**WHAT TO WORK ON**.
Please print every record below exactly as it appears.

**STUDY MATERIAL**.
↓

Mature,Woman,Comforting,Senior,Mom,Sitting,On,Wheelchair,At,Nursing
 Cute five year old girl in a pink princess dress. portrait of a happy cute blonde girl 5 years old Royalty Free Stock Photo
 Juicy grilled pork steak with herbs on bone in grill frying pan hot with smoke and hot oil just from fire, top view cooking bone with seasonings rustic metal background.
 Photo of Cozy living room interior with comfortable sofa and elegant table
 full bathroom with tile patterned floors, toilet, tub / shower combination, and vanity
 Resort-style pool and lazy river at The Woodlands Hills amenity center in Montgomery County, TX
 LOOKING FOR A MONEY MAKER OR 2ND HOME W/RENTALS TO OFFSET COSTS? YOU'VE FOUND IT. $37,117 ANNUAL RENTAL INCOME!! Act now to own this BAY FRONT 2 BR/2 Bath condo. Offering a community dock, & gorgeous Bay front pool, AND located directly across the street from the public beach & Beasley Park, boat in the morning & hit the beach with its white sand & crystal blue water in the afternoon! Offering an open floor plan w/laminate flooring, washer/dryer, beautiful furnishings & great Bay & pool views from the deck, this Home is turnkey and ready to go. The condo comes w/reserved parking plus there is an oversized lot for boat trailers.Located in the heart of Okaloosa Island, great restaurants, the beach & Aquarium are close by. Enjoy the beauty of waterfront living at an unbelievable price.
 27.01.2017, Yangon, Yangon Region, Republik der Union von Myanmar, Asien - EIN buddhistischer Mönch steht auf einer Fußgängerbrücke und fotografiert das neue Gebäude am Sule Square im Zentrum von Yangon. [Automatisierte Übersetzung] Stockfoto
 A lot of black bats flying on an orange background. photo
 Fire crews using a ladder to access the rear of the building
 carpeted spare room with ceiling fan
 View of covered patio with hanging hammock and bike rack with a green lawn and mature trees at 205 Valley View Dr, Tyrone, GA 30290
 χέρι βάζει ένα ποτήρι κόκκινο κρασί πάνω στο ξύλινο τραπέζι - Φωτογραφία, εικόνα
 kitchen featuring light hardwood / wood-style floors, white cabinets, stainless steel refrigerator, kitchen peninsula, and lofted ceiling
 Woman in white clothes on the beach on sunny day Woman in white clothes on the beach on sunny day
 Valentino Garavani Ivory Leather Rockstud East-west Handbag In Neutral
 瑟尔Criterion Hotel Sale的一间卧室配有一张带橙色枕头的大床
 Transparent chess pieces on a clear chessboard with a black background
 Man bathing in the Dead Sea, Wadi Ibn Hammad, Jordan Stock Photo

↑

**OUTPUT FOR THIS TASK**.
Mature,Woman,Comforting,Senior,Mom,Sitting,On,Wheelchair,At,Nursing
 Cute five year old girl in a pink princess dress. portrait of a happy cute blonde girl 5 years old Royalty Free Stock Photo
 Juicy grilled pork steak with herbs on bone in grill frying pan hot with smoke and hot oil just from fire, top view cooking bone with seasonings rustic metal background.
 Photo of Cozy living room interior with comfortable sofa and elegant table
 full bathroom with tile patterned floors, toilet, tub / shower combination, and vanity
 Resort-style pool and lazy river at The Woodlands Hills amenity center in Montgomery County, TX
 LOOKING FOR A MONEY MAKER OR 2ND HOME W/RENTALS TO OFFSET COSTS? YOU'VE FOUND IT. $37,117 ANNUAL RENTAL INCOME!! Act now to own this BAY FRONT 2 BR/2 Bath condo. Offering a community dock, & gorgeous Bay front pool, AND located directly across the street from the public beach & Beasley Park, boat in the morning & hit the beach with its white sand & crystal blue water in the afternoon! Offering an open floor plan w/laminate flooring, washer/dryer, beautiful furnishings & great Bay & pool views from the deck, this Home is turnkey and ready to go. The condo comes w/reserved parking plus there is an oversized lot for boat trailers.Located in the heart of Okaloosa Island, great restaurants, the beach & Aquarium are close by. Enjoy the beauty of waterfront living at an unbelievable price.
 27.01.2017, Yangon, Yangon Region, Republik der Union von Myanmar, Asien - EIN buddhistischer Mönch steht auf einer Fußgängerbrücke und fotografiert das neue Gebäude am Sule Square im Zentrum von Yangon. [Automatisierte Übersetzung] Stockfoto
 A lot of black bats flying on an orange background. photo
 Fire crews using a ladder to access the rear of the building
 carpeted spare room with ceiling fan
 View of covered patio with hanging hammock and bike rack with a green lawn and mature trees at 205 Valley View Dr, Tyrone, GA 30290
 χέρι βάζει ένα ποτήρι κόκκινο κρασί πάνω στο ξύλινο τραπέζι - Φωτογραφία, εικόνα
 kitchen featuring light hardwood / wood-style floors, white cabinets, stainless steel refrigerator, kitchen peninsula, and lofted ceiling
 Woman in white clothes on the beach on sunny day Woman in white clothes on the beach on sunny day
 Valentino Garavani Ivory Leather Rockstud East-west Handbag In Neutral
 瑟尔Criterion Hotel Sale的一间卧室配有一张带橙色枕头的大床
 Transparent chess pieces on a clear chessboard with a black background
 Man bathing in the Dead Sea, Wadi Ibn Hammad, Jordan Stock Photo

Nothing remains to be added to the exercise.